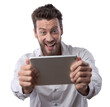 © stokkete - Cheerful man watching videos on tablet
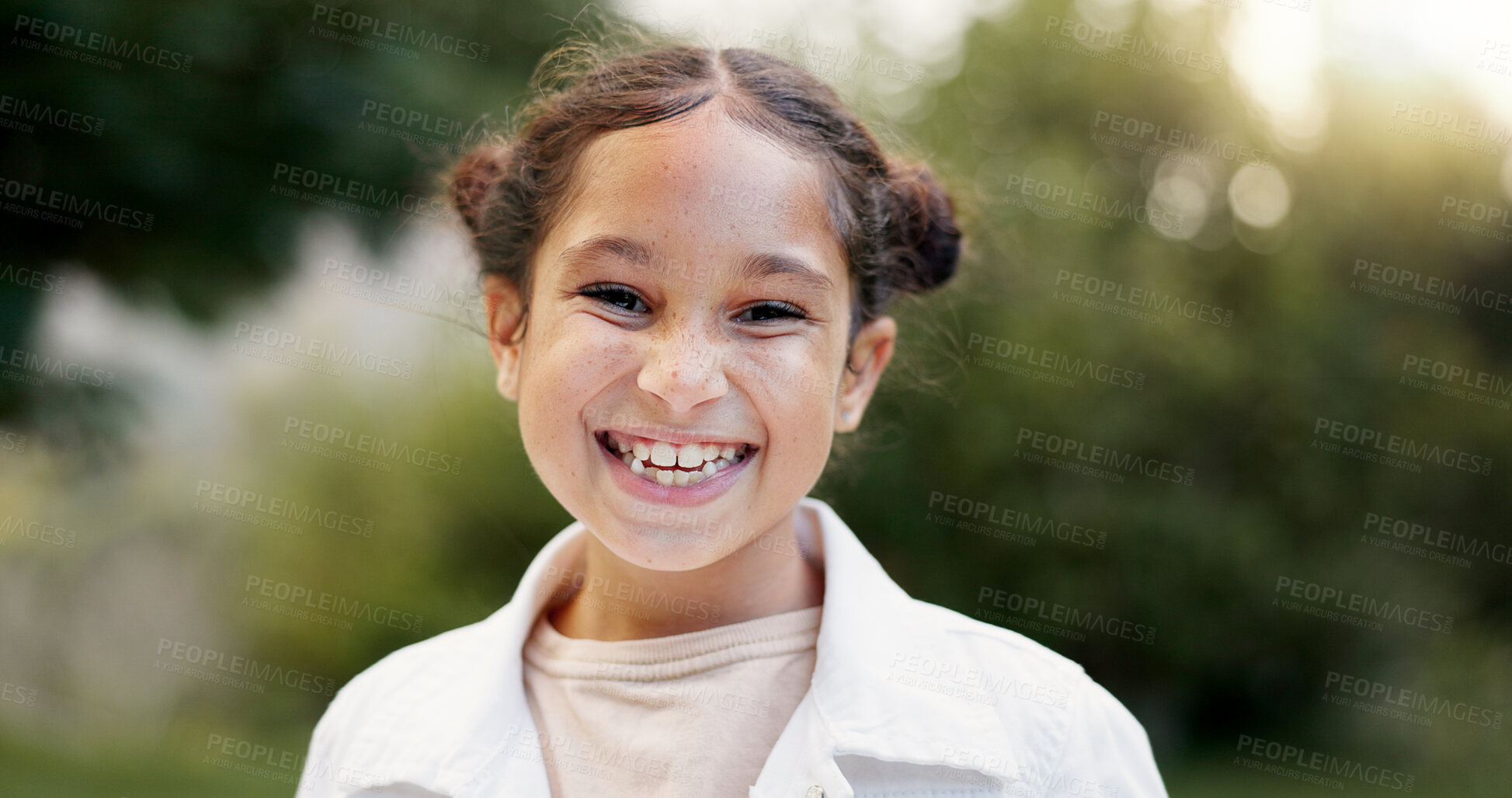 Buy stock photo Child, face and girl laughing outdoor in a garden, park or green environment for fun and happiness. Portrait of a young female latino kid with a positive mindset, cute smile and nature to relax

====

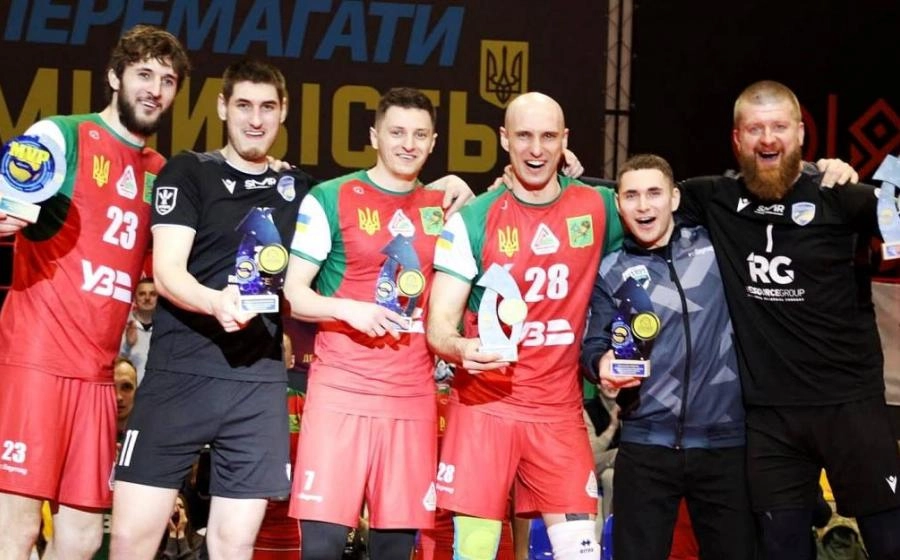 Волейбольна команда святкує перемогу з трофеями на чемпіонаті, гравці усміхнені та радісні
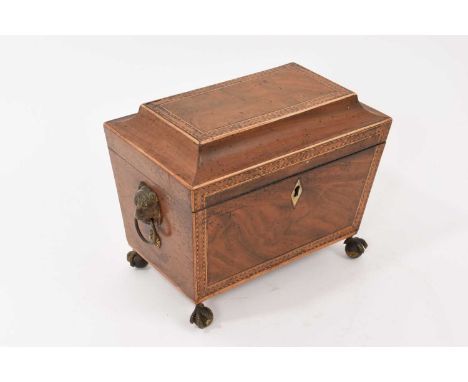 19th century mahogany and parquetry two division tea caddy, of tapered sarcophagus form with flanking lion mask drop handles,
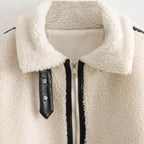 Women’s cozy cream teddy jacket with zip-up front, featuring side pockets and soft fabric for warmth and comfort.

====

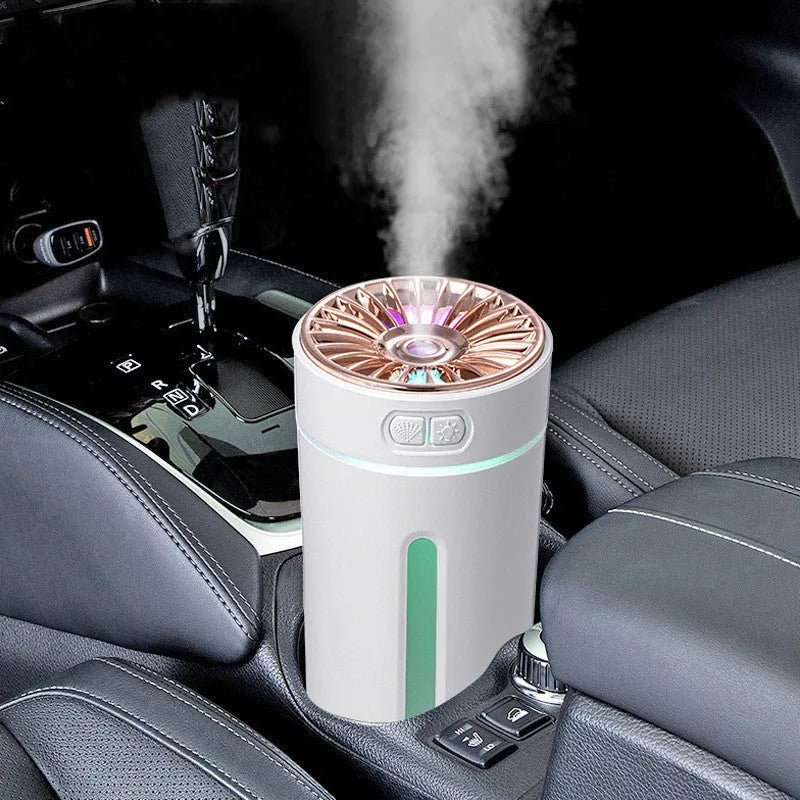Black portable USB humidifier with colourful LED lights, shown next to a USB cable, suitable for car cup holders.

====

▸ DESCRIPTION OF THE TASK
Repeat, word for word, the lines of the material above from the one holding "Волейбольна команда святкує" through the one holding "Women’s cozy cream". Leave out pictures.

▸ RESULT BELOW
 Волейбольна команда святкує перемогу з трофеями на чемпіонаті, гравці усміхнені та радісні
 19th century mahogany and parquetry two division tea caddy, of tapered sarcophagus form with flanking lion mask drop handles,
 Women’s cozy cream teddy jacket with zip-up front, featuring side pockets and soft fabric for warmth and comfort.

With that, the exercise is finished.